Sept. 11 is not considered to be a major threat to national security, according to Caddell. He thinks the U.S. government “may have overreacted” to the terrorist attacks in 2001.
Prior to World War Two, the United States government never really dealt with assessing threats, Caddell said, but then the attack on Pearl Harbor “changed the way Americans view the world.”
Multiple government organizations, including the Central Intelligence Agency, were created to assess threats after Pearl Harbor, Caddell said. The U.S. government began focusing on which countries proposed a “worst case scenario” situation on our country, according to Caddell.
Currently, North Korea and China are threats against the U.S., according to the Director of the School of Public and International Affairs, Richard Mahoney. China owns eight percent of our nation’s national debt, Mahoney said.

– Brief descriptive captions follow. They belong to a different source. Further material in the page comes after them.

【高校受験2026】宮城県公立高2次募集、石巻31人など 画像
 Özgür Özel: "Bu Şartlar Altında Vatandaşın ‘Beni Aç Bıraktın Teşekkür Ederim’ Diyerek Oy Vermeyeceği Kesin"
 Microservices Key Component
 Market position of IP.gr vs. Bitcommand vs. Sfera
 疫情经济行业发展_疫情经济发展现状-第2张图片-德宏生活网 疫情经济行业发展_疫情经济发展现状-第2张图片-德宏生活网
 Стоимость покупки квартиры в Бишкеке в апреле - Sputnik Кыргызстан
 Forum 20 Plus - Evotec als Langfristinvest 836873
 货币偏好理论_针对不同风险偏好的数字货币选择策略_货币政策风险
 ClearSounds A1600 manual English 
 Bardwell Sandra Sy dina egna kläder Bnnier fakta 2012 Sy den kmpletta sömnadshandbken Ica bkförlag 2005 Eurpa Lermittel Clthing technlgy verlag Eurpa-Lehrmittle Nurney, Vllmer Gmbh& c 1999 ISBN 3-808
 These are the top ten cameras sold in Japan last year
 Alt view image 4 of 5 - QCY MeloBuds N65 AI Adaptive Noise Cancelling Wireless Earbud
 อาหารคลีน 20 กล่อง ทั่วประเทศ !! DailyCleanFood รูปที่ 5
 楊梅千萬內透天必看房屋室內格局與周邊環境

“China has the world’s fastest growing economy,” Mahoney said. “They’ve become the dominant economic power in Asia.”
The word “pivot” recently emerged as a trending word in the Obama Administration in relation to China, Mahoney said. For the U.S. it means that we’re turning towards China in hopes to establish better relations, according to Mahoney.
“China views the word ‘pivot’ more like ‘access,’” Mahoney said. “They’ve taken it as a word meaning we want to contain them, or defeat them.”
According to Mahoney, the U.S. needs to engage Chinese principles in multiple ways, especially in education. Mahoney said he believes that more Americans should study Mandarin and study abroad in China.
Mahoney also said he believes the U.S. national debt is a “serious threat on our security” especially since the republicans and the democrats can’t come to any agreements on how to handle debt situations efficiently.
North Korea is becoming a nuclear threat, according to John Mattingly, a teaching assistant in the history department. In hindsight, Mattingly said, it’s obvious what North Korea has been up to with regard to gaining more nuclear power.
“When someone or some nation or what-have-you has both the intention and the capability to harm you, then they’re a threat,” Caddell said.
The Threat Assessment Seminar was the last of three in the Global Issues Seminar Series hosted by the School of Public and International Affairs.